Venous neointimal hyperplasia occurring at the graftvein anastomosis outflow tract is cited as the most common factor in access failure (Figure 2).6 Intimal hyperplasia is well described; however, in the case of vascular access, there are numerous potential causative factors that are not completely understood and are under active investigation.7 Anatomic and physiologic barriers also affect the success of hemodialysis grafts because no vascular access conduit will function properly without adequate arterial inflow or venous drainage. One of the most common pathologies that alters graft outflow and limits patency is central venous stenosis and/or occlusion, which typically results from prior insertion of multiple tunneled dialysis catheters (TDCs).

Thrombosis can occur as a result of numerous factors such as intimal hyperplasia, graft trauma, low flow states, and hypercoagulable disorders.8 Intimal hyperplasia causes hemodynamic conditions of low and turbulent flow states, which leads to platelet aggregation at focal points within the arteriovenous graft (AVG) and promotes thrombosis.7

In contrast, bleeding from suture holes or weeping through the graft material can lead to nerve compression, pain, infection, or graft failure. Aggressive and careless anterior wall puncture, as well as inadvertent posterior wall puncture, can lead to perigraft hematoma and subsequent graft impingement, resulting in AVG thrombosis and failure.
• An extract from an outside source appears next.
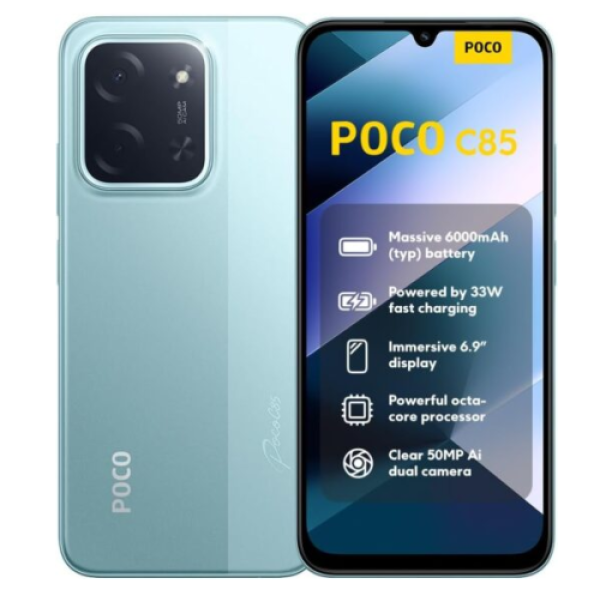 Xiaomi Poco C85 6GB Ram 128GB Green Dual Sim 4G-EU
Finally, the renal failure population seems to be especially prone to infection secondary to a chronic inflammatory and immunocompromised state that hemodialysis tends to promote. In addition, the majority of ESRD patients suffer from multiple confounding medical comorbidities. These factors combined with the penetrating insult of dialysis cannulation three times each week significantly increase the potential to seed a prosthetic dialysis graft leading to bacteremia and/or sepsis, which ultimately may require explantation of the access conduit.

RECENT ADVANCES
In an attempt to provide solutions to the vexing issues that lead to graft failure, access care providers have collaborated with industry to develop a variety of conduit options and therapies to improve the care that we offer patients in need of long-term vascular access. In that regard, the main focus of access graft advances during the past 10 to 15 years has been toward improving bleeding, thrombosis, weeping, and infection of access grafts as opposed to addressing the biologic aspects of outflow vein failure and venous proliferative disease. As a result, numerous AVGs with various base scaffolding, wrap or lamination methods, bonding or graft lining, or outflow designs are commercially available for use in ESRD patients (Figure 3).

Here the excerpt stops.